Chemnitzer Friedenstag 2021
Ansprache des Oberbürgermeisters
Liebe Chemnitzerinnen und Chemnitzer,
ich wende mich heute an Sie, um an die vielleicht schrecklichste Nacht in der Geschichte dieser Stadt zu erinnern. Es ist ein Montag, der 5. März 1945. Nachdem am Vormittag bereits fast 600 Tonnen Bomben auf Chemnitz fielen, bedeckte am Abend eine weiße, fast schon beruhigende Schneeschicht die Straßen.
Es ahnte noch niemand der Chemnitzerinnen und Chemnitzer, dass sich die ruhige Stimmung schlagartig ändern sollte.
Als oben am Himmel die ersten Markierungsbomben, die roten und grünen Leuchtkörper, den Piloten die Ziele zeigten, weckten Mütter eilig ihre Kinder, packten ihre Sachen und suchten Schutz in Bunkern und in Kellern. Sie beteten, dass die Mauern halten, die Decken nicht einstürzen und der Sauerstoff für die dicht an dicht zusammengekauerten Menschen reichen würde.
Ohrenbetäubender Lärm. Es pfiff, heulte, dröhnte und knallte. Schwere Erschütterungen, Wände wackelten, Kinder schrien, Mütter und Väter weinten.
30 Minuten lang entluden fast 700 alliierte Bomber ihre tödliche Fracht. 2.800 Tonnen Luftminen, Spreng- und Brandbomben fielen auf das Stadtzentrum.
Chemnitz versank in einem Flammenmeer. Mehr als 27.000 Wohnungen, unzählige Fabriken und Büros und viele öffentliche Gebäude wurden zerstört.
In den Flammen und Trümmern starben in jener Nacht allein 2.100 Menschen.
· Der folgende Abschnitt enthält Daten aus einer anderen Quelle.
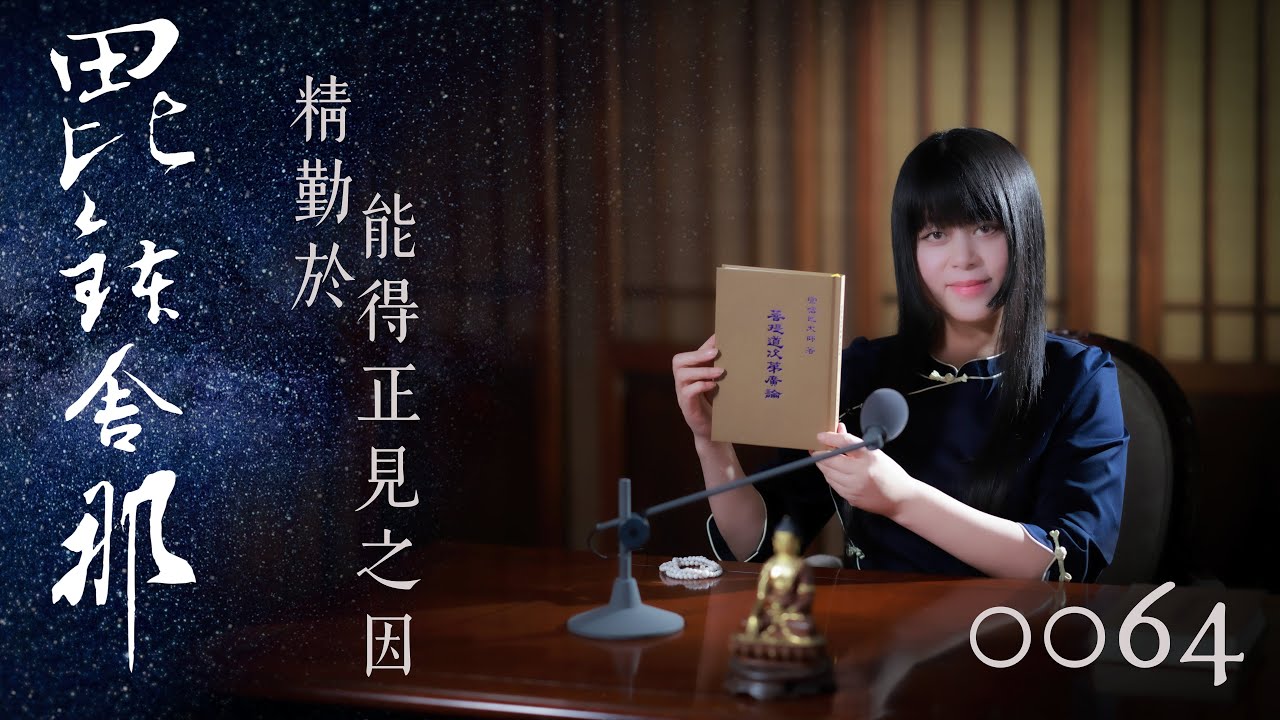 真如老師開示：廣論止觀初探・毗缽舍那0064_精勤於能得正見之因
Sie wurden von herabfallenden Trümmern erschlagen, von den Bomben zerfetzt, erstickten oder verbrannten.
Diese Nacht im Zweiten Weltkrieg veränderte für immer das Gesicht unserer Stadt und ihrer Bewohnerinnen und Bewohner.
Wenn wir uns aber heute an diesen Tag und diese Nacht vor 76 Jahren erinnern, geht es nicht nur um die Vergangenheit und um Trauer, es geht auch um die Verantwortung, die Deutschland für den Zweiten Weltkrieg hat.
Unser Blick richtet sich aber nach vorne, in die Zukunft: Wie wollen wir künftig mit den Lehren aus der Vergangenheit umgehen. Es geht auch darum: wie wollen wir unsere Gesellschaft, unser Zusammenleben gestalten?
Ich wünsche mir unsere Gesellschaft friedfertig, mitmenschlich und gastfreundlich.
Ich wünsche mir eine offene, vielfältige und lebendige demokratische Gesellschaft, die das Ringen um den Frieden in der Welt nie aus den Augen verliert – die Basis unseres Lebens der vergangenen Jahrzehnte.
Und ich wünsche mir eine Gesellschaft, die unsere Demokratie schützt. Nicht erst seit Hameln oder Hanau, nicht erst seit Mölln oder Rostock-Lichtenhagen. Wir müssen für die Demokratie jeden Tag eintreten und sie gegen ihre Feinde verteidigen.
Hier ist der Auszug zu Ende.